Another flash blog I’m afraid, I’m in the smoke today on board duties.

Zephyr Energy

Zephyr has announced that the Company’s lender, North-Dakota based First International Bank and Trust, has completed its regularly scheduled semi-annual redetermination of the Company’s revolving credit facility.

The redetermination process resulted in a 30% increase to the RCF, with the new borrowing base set at US$13 million.  As of today, US$8 million is currently outstanding on the RCF, providing the Company with an additional US$5m of liquidity which can be drawn at Zephyr’s discretion. In addition to the RCF, at 1 November 2022, Zephyr had an additional US$15.8 million of outstanding borrowings, the majority of which is comprised of a senior bank term loan with FIBT.

As of today’s date the Company has more than US$18.5m in available liquidity taking into account its current cash balances and the increased headroom on the RBL.

The next semi-annual redetermination of the RCF is scheduled to take place in the second quarter of 2023.

Colin Harrington, Zephyr’s Chief Executive, said:  “The successful redetermination and resulting 30% increase to the RCF borrowing base is an excellent testament to the strength of Zephyr’s underlying assets – and the increased debt capacity is particularly notable in light of the Company’s production revenues of over US$25 million during the first half of 2022.

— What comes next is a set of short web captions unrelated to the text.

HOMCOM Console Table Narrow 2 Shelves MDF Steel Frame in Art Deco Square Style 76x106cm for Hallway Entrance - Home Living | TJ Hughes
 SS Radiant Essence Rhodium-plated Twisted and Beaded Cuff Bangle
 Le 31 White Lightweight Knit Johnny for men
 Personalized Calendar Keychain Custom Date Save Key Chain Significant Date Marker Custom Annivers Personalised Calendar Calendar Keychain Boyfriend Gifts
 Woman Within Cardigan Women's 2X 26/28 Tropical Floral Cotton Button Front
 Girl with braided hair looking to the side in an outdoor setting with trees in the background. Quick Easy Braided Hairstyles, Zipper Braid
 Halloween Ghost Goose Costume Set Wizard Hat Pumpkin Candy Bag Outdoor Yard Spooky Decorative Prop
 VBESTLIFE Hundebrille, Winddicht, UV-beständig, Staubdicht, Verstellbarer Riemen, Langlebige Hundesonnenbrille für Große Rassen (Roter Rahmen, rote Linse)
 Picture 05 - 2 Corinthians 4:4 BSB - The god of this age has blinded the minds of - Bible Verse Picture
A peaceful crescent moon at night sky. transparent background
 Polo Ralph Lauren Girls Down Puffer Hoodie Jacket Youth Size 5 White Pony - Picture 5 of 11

“We expect to continue to generate strong free cash flow for the foreseeable future, which in turn will fund the planned expansion of both our operated and non-operated asset portfolios.

“I would like to thank FIBT, a regional bank with over 110 years of history in North Dakota, and its team for their continued strong support of Zephyr.”

A solid vote of confidence by the Bank both in the Zephyr management team and of course the complete asset portfolio. This is important as the team has worked hard on developing the exciting Paradox Basin as well as the producing and non-operated assets in the Williston. 

More when I have spoken to Colin Harrington. 

Touchstone Exploration

Touchstone has reported its operating and financial results for the three and nine months ended September 30, 2022. Selected information is outlined below and should be read in conjunction with our September 30, 2022 unaudited interim condensed consolidated financial statements and related Management’s discussion and analysis, both of which will be available under our profile on SEDAR (www.sedar.com) and on our website (www.touchstoneexploration.com). Unless otherwise stated, all financial amounts herein are rounded to thousands of United States dollars.

Third Quarter 2022 Financial and Operational Highlights

·      Produced quarterly average crude oil volumes of 1,272 bbls/d, representing a 10 percent decrease relative to the preceding quarter and a 5 percent decrease from the 1,333 bbls/d produced in the third quarter of 2021, as three key wells were down in the quarter.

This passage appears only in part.